Powell’s Patience VS. Dovish Pressure: Who Wins the Fed’s Summer Showdown?

Published 24/06/2025, 13:00

It’s been less than a week since Fed Chairman Powell said the central bank remained in a wait-and-see mode for deciding if tariff-related inflation was a significant risk factor that would delay interest rate cuts. But expectations for monetary policy are moving fast these days and so assumptions from a week ago may already be ancient history.

Fed Chairman Powell is scheduled to testify in Congress today and tomorrow and so it’s possible he may revise his messaging in discussions with lawmakers. Perhaps, but I’m not holding my breath. Most analysts expect the Fed chief to reaffirm what he said last week in a press conference, and I agree, namely: that the central can afford to keep rates steady until the effects of tariffs on inflation become clearer.

Fed funds futures continue to lean into the outlook that rate cuts remain off the table for the next FOMC meeting on July 30. The market is pricing in a roughly 77% implied probability for no change. September’s looking more likely via an 80% probability.

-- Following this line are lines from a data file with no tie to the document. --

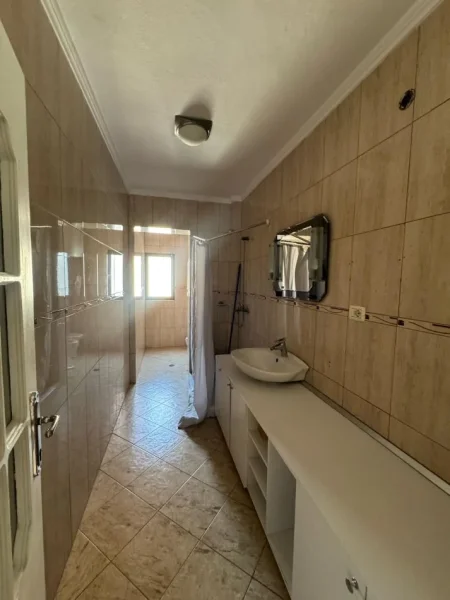 Tirane, jepet me qera ambjent biznesi , 200 m² 800 € 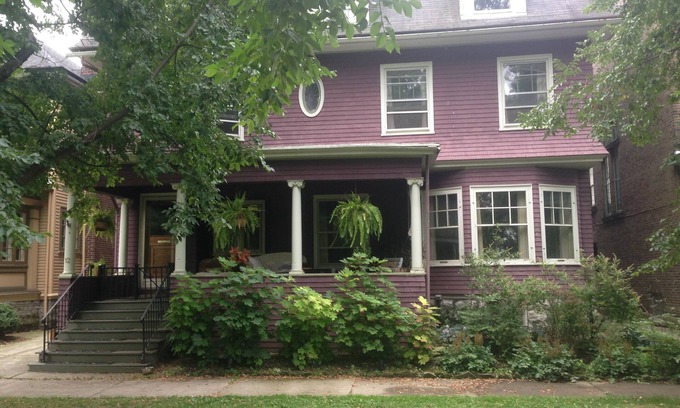 Albright Casa | Casa histórica en el pueblo de Elmwood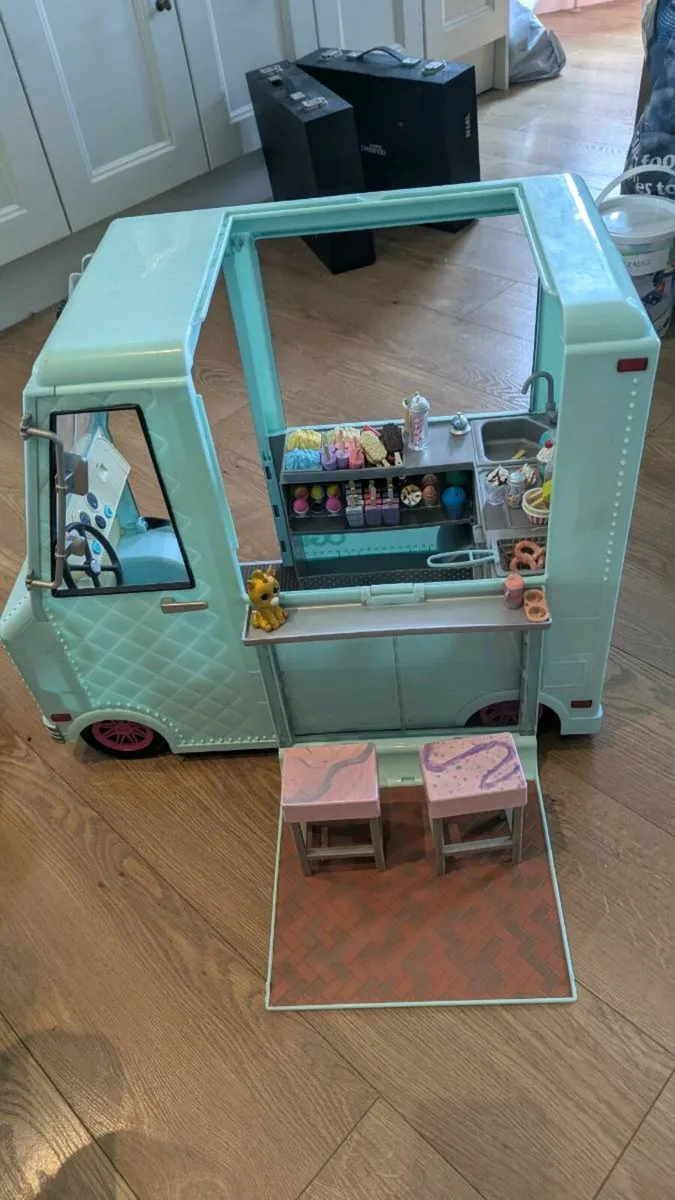 Our Generation Ice Cream Van - Image 1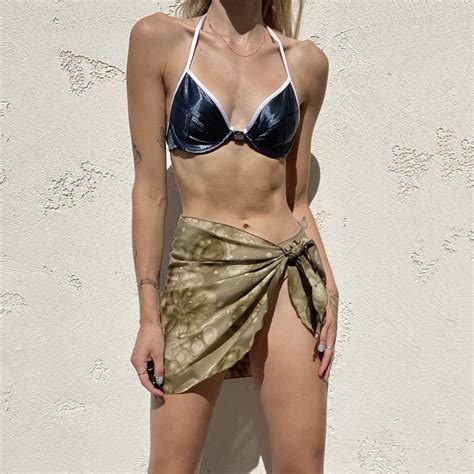 Vintage Mossimo Navy Blue Bikini Top This Swim Top Depop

The question is whether shifting commentary from Fed heads will change the outlook? In recent days two Fed officials said rate cuts should be considered for July. “It is likely that the impact of tariffs on inflation may take longer, be more delayed, and have a smaller effect than initially expected,” Federal Reserve governor Michelle Bowman said on Monday. “Should inflation pressures remain contained, I would support lowering the policy rate as soon as our next meeting” in July.

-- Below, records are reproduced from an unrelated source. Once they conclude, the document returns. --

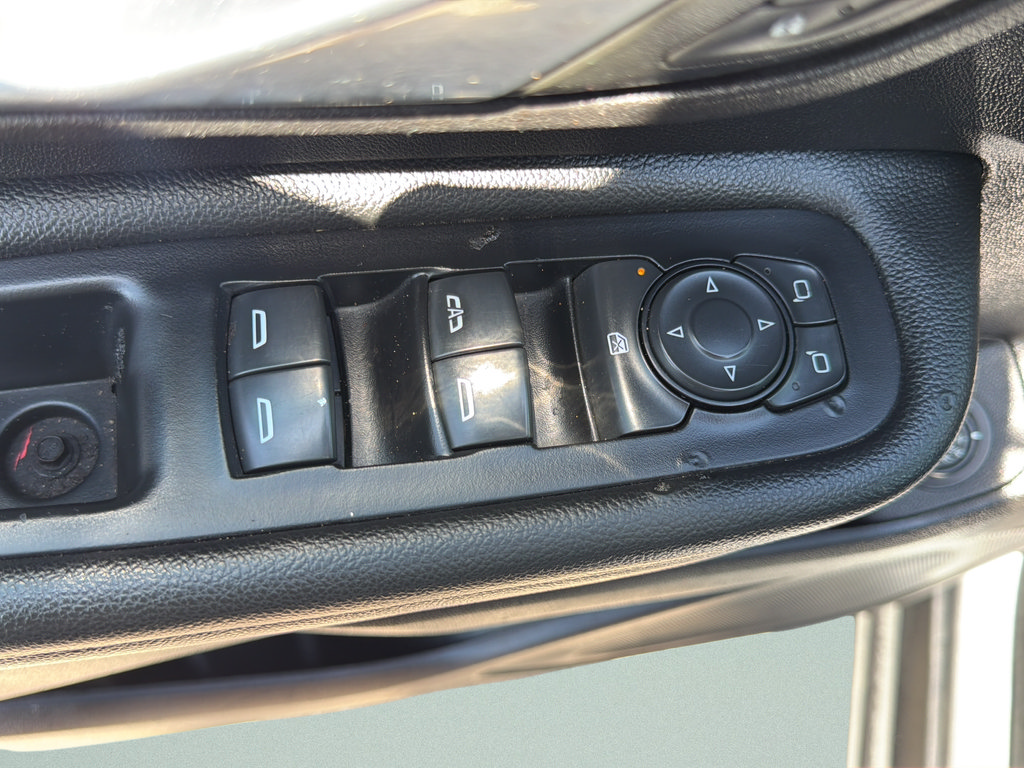 Used 2024 GMC Terrain SLE w/ Driver Convenience Package FWD image 19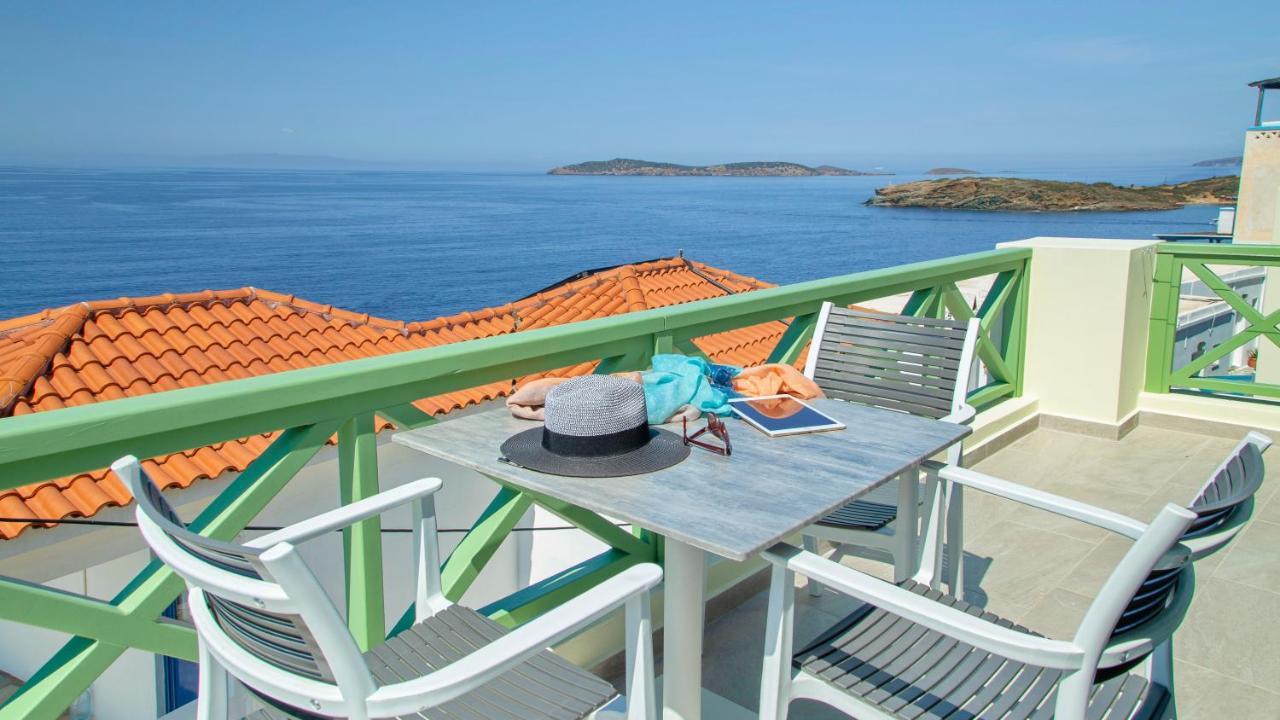 Corali Suites Andros Batsíon Exterior photo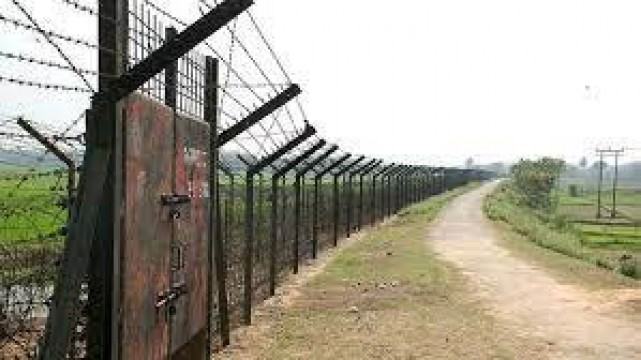 অবৈধভাবে ভারতে প্রবেশকালে ২ বাংলাদেশী আটক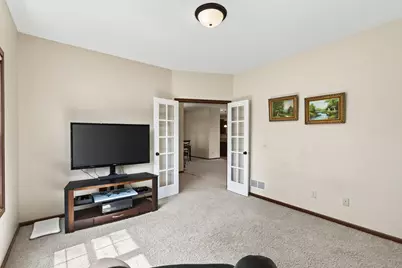 10548 Noble Circle N, Brooklyn Park, MN 55443 - Photo 8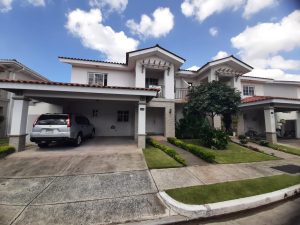 VENTA -CASA 165.75 M2- VERSALLES- PH RESERVAS DE VERSALLES MODELO LYON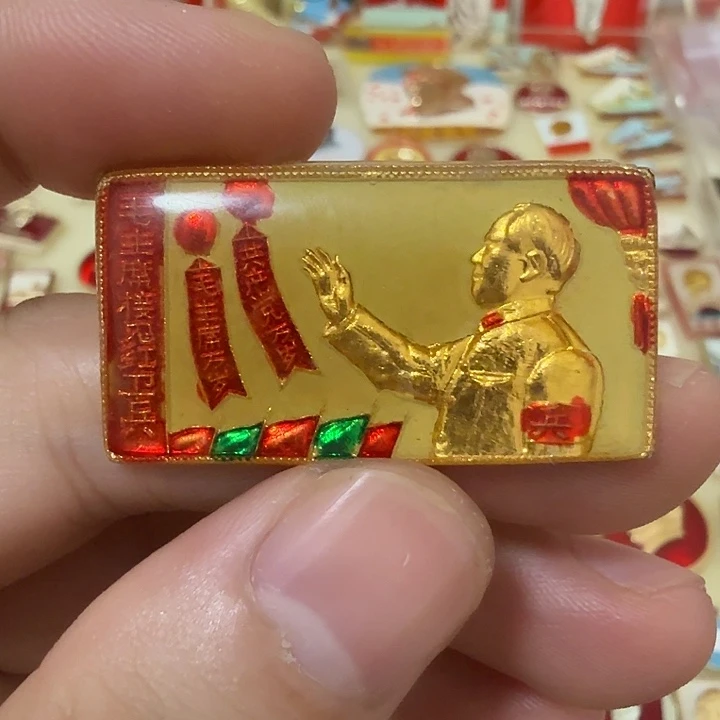 九***胜铝毛爷爷像章，万岁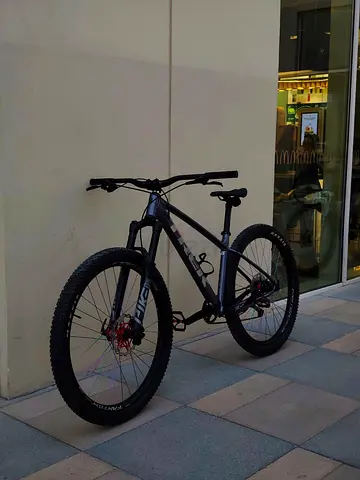 2025 Trek Marlin 7 (Size L, 29er): Heavily Upgraded, Great Condition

On Friday, Fed Governor Waller also said a rate cut was possibly next month. “I think we’re in the position that we could do this as early as July,” he told CNBC. “That would be my view, whether the committee would go along with it or not.”

Powell, by contrast, has reasoned that while tariff-related inflation may be lurking, there’s no rush to cut rates while the US economy remains resilient – the labor market, in particular. But there are hints that the macro resiliency may be fading, if only marginally, and so the case may be strengthening for easing policy. In support of his view, the Altanta Fed’s GDPNow model is still nowcasting a strong rebound in the upcoming second-quarter GDP report following Q1’s slight contraction.

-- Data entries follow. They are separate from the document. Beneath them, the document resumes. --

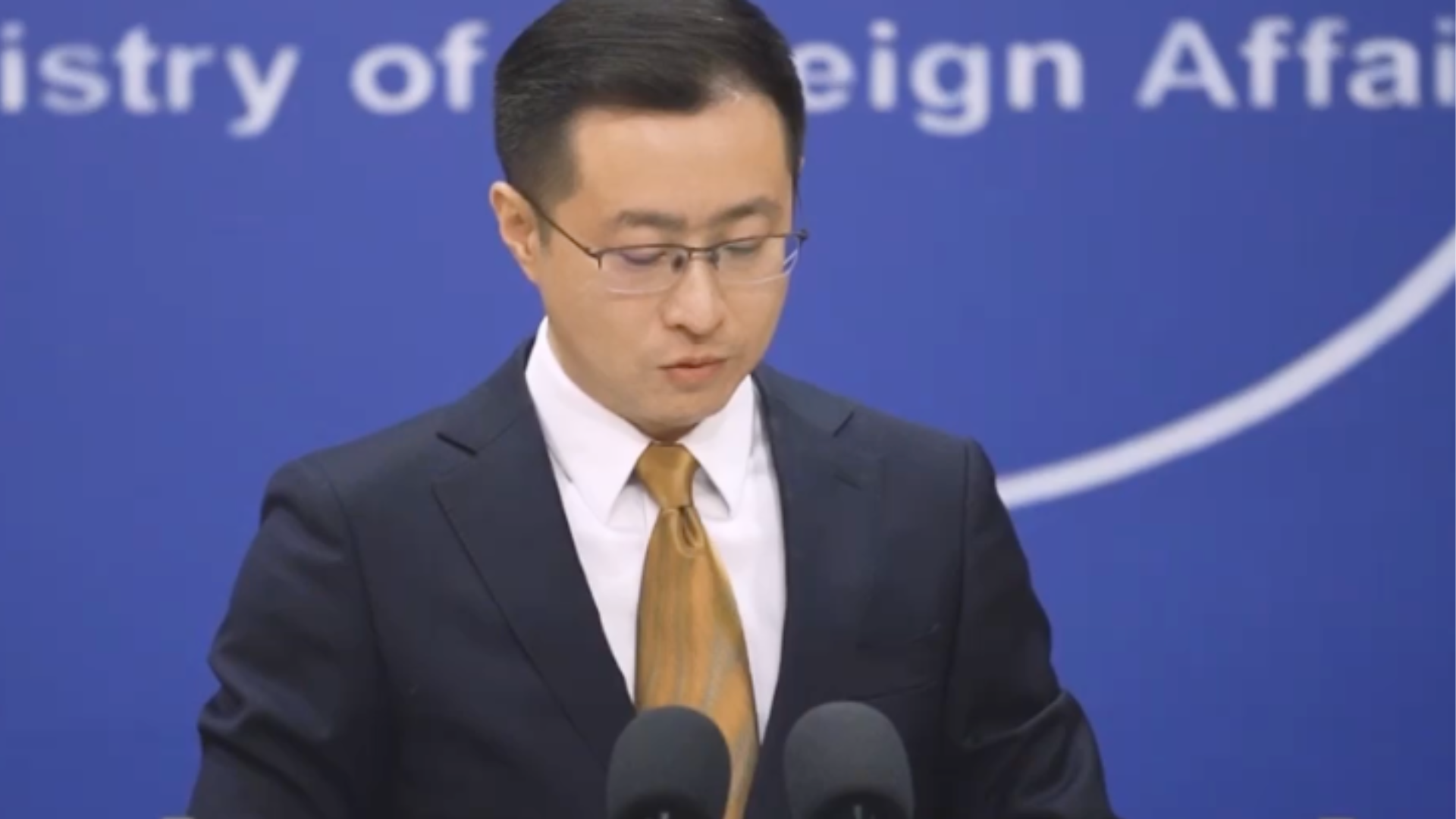 中方回应高市早苗：若边声称对话边搞对抗，任何人都不会接受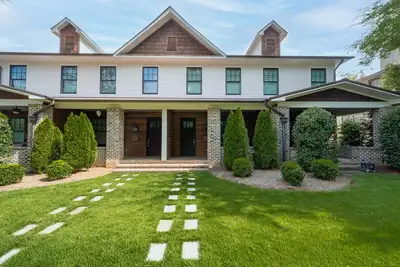 Image de Tout neuf et magnifique! Maison de ville haut de gamme de Birmingham dans un endroit fantastique!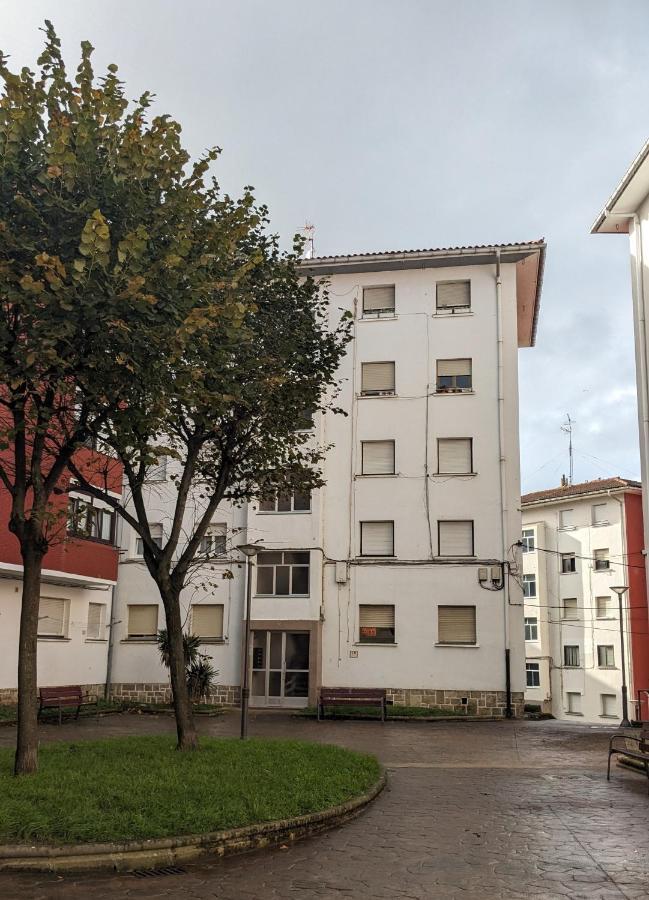 Ferienwohnung Tonpoigane Bermeo Exterior foto
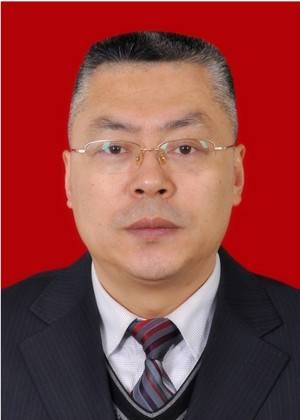 冯明（四川省广元市苍溪县人大常委会党组书记、主任）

But focusing on forward-looking forward is starting to paint a less-encouraging outlook. Policy doves cite the rise in the four-week moving average of weekly jobless claims, which is a leading indicator for the labor market. The latest reading shows the trend rising to the highest level since 2023, which some analysts see as a warning that hiring is on track to slow to a pace that threatens the economic outlook and strengthens the argument for cutting rates.4-Week MA of Initial Claims

The Treasury market is showing signs of pricing in softer economic conditions. Despite tariff-related inflation concerns, the 10-year yield fell yesterday (June 23) 4.35%, the lowest close in nearly two months. Safe-haven buying linked to the Israel-Iran conflict is probably a factor too.

US 10-Yr Yield-Daily Chart

“We are not in the July [rate-cut] camp, but do believe that data should show signs of weakness over the summer months and hence prompt a rate cut in September,” Mohit Kumar, chief European strategist at Jefferies wrote in a client note.

Meanwhile, President Trump continues to pressure the Fed to cut rates. In a post on social media early this morning he wrote: “I hope Congress really works this very dumb, hardheaded person, over. We will be paying for his incompetence for many years to come.”

The question is how or if Powell can salvage the narrative he made less than a week ago in today’s testimony?

At least one Fed official has Powell’s back. In an interview with Reuters on Monday, Atlanta Fed President Bostic said:

“I think we have some space and time” to watch how the tariff and other policy issues change. “I’m more concerned about what happens if we don’t get to our 2% [inflation] mandate. Because of that I’m willing to stay in this restrictive posture for longer just to be absolutely sure,” a reference to the current 4.25% to 4.5% Fed target rate that’s prevailed since December.  “I would see the last quarter [of the year] is sort of when I would expect we would know enough to move.”

The pressure for a rate cut may be building, but July still looks like a long shot, advises Tim Duy, chief S Economist at SGH Macro (BCBA:BMAm) Advisors. In a note to clients on Monday he wrote:

“The Fed’s MAGA contingent is setting the stage for a September cut. It will become more interesting if Waller and Bowman continue to support rate cuts if inflation comes in hot in the next few months on the back of tariffs. It’s however very unlikely that Waller and Bowman can drive the consensus in favor of a July cut. It’s just too much to ask from six weeks of data.”